Task requirements> Please copy every line from the records below that contains the string "floors".

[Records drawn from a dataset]
◆ ◆ ◆

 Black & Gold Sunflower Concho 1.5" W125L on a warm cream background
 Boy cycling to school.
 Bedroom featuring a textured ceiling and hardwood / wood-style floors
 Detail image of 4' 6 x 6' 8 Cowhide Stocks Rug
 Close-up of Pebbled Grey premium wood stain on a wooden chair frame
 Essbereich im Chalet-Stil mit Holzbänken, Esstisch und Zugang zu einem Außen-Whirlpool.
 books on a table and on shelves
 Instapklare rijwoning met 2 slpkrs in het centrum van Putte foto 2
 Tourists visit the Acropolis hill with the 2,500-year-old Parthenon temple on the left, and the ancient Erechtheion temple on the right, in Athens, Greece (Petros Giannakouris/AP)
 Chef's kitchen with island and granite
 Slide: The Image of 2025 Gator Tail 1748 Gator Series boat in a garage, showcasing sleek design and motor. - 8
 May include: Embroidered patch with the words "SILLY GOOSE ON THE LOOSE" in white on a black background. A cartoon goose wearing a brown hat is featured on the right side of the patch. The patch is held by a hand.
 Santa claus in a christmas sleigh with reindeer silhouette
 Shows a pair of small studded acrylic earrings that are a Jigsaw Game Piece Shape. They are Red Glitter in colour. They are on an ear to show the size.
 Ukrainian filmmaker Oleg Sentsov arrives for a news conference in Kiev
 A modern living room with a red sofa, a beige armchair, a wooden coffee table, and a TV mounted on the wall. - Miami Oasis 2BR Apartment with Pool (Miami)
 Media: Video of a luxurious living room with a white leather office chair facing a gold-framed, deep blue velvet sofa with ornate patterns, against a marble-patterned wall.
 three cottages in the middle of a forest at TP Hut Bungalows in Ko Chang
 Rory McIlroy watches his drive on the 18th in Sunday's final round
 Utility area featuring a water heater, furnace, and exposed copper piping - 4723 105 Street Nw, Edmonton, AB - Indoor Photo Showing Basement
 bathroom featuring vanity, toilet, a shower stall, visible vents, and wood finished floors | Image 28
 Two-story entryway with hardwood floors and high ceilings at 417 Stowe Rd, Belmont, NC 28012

◆ ◆ ◆

Response to this exercise>
 Bedroom featuring a textured ceiling and hardwood / wood-style floors
 bathroom featuring vanity, toilet, a shower stall, visible vents, and wood finished floors | Image 28
 Two-story entryway with hardwood floors and high ceilings at 417 Stowe Rd, Belmont, NC 28012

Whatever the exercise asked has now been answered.